RHSV Conference: The Other Face of War: Victorians and the Home Front‘, The Resident Judge of Port Phillip [blog], 11 August 2014

Report of conference of Royal Historical Society of Victoria. Speakers included Bart Ziino (Deakin University) who ‘challenged the perception that there was widespread eagerness to enlist and great excitement at the announcement of the war’ and examined conflicted feelings about duty as well as the emotional toll on families.

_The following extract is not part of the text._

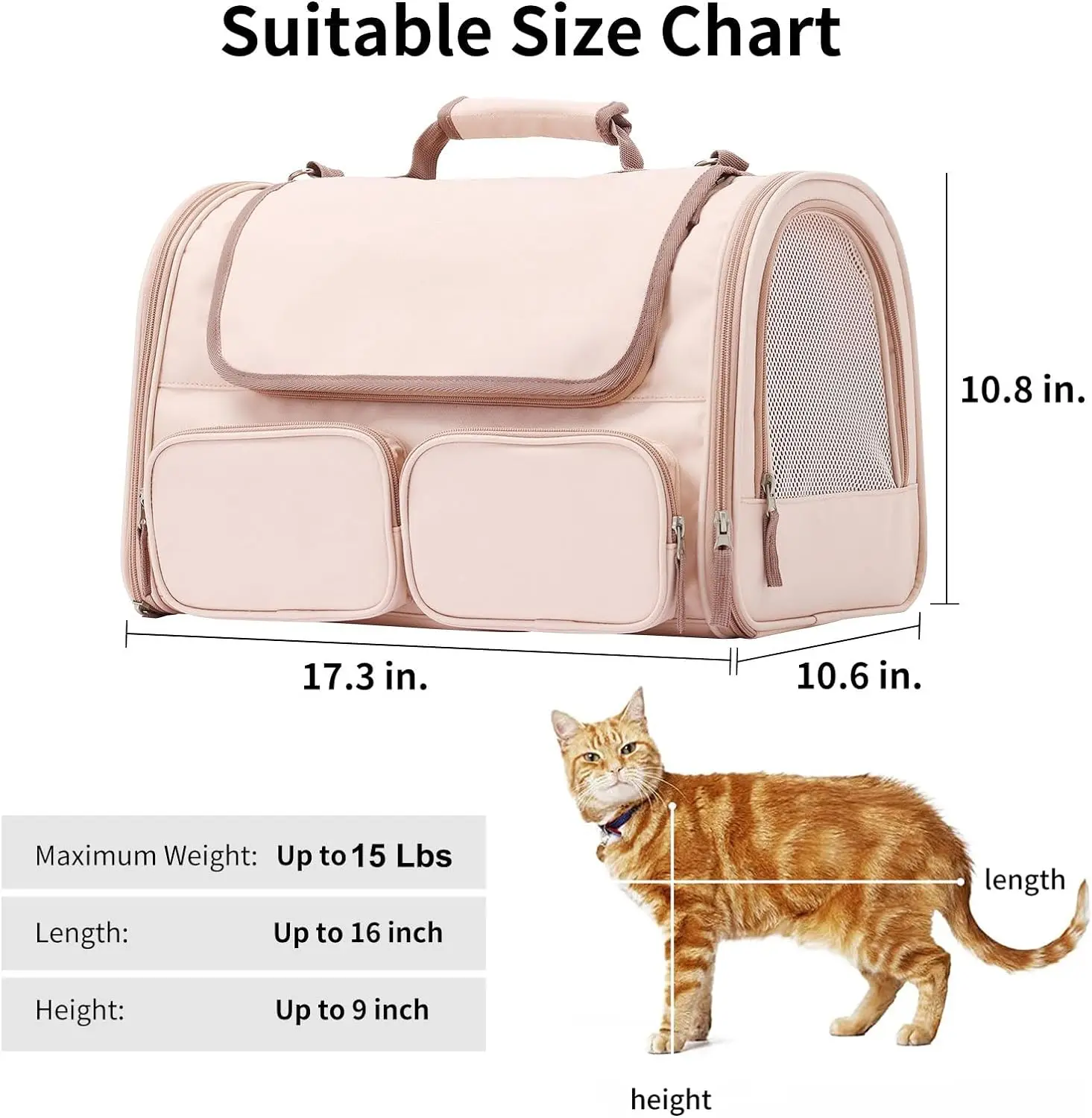 Cat Carrier, 4 Mesh Windows Small Dog Carrier, 4 Storage Pockets Cat Travel Bag, Under 15 lb Airline Approved Pet Carrier,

Then there was Ted Baillieu, former premier, speaking about Victoria’s Anzac centenary commemorations

encouraging schoolchildren to identify [says Rizzetti] with ancestors who served; marking the houses with plaques where men enlisted. There’s something so seductive about such plans – who, after all, does NOT want children to have an appreciation of what has gone before? – but I must confess here to my own misgivings. I am unsettled by the emotional salience of war, so sensitively discussed by Bart Ziino the night before, being used as a hook for children, painted over by a “heroic” gloss.

Other conference speakers, well-summarised in the blog, included Michael McKernan on the Victorian home front, sessions on class war (John Lack, Peter Love, Nick Dyrenfurth), patriotism (Peter Burke, Jillian Durrance, Judith Smart), sacrifice (Joy Damousi, Carole Woods, Rosalie Triolo), and, finally, Ross McMullin on loss.

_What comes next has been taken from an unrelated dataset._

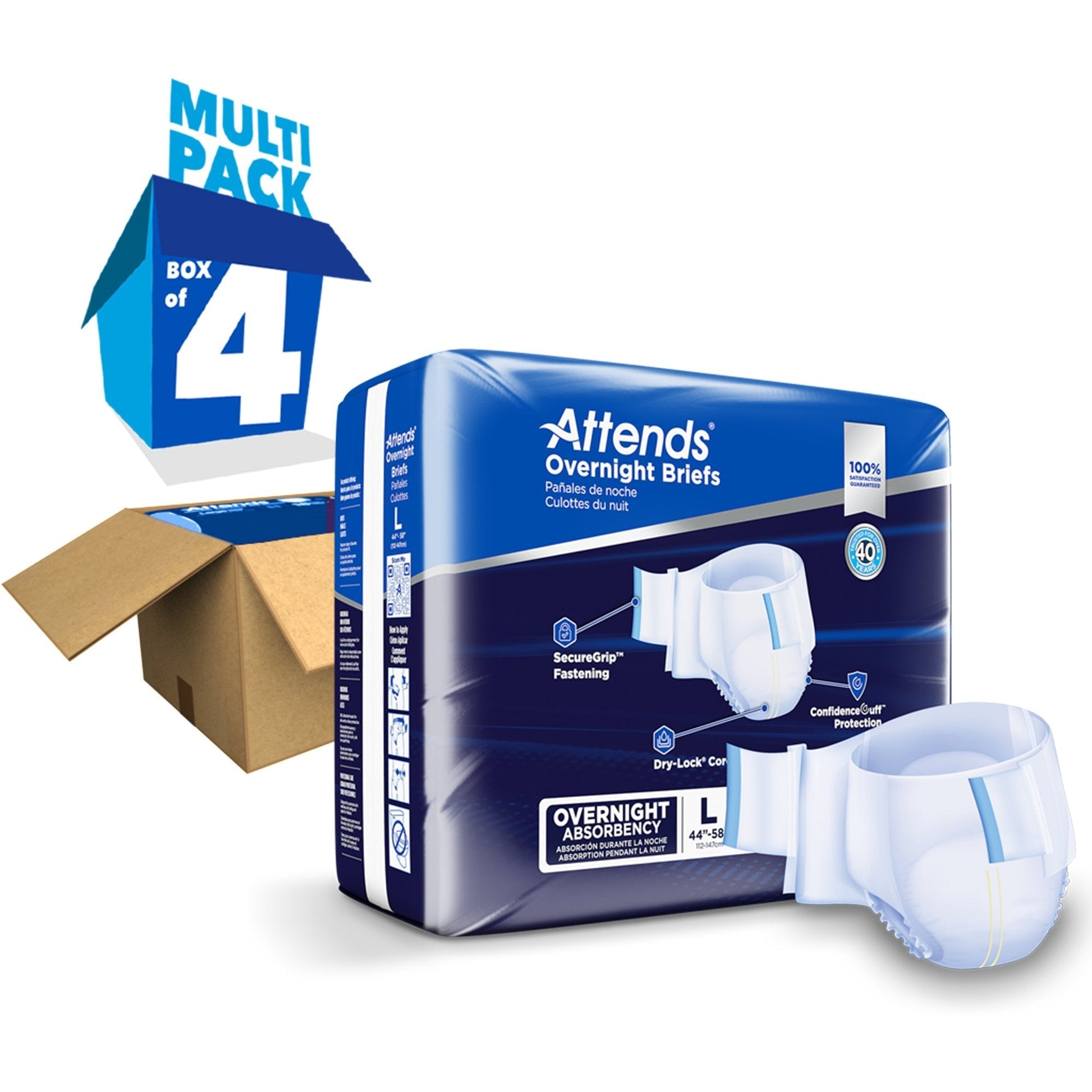 Attends overnight briefs multi-pack box of 4 (size L) with absorbent briefs shown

McMullin was at pains not to overemphasize the relative cohesion of Australian society prior to the war, and he pointed out that the war years were probably the most [divisive of Australia’s] post-settlement history. He noted that although it is true that the war did contribute to nationalism and identity, the trope of “The War Made Us” that is so often being promulgated in the media and through educational publications ignores the fact that the losses – physical, emotional, and in terms of national identity as a progressive nation – were even more significant.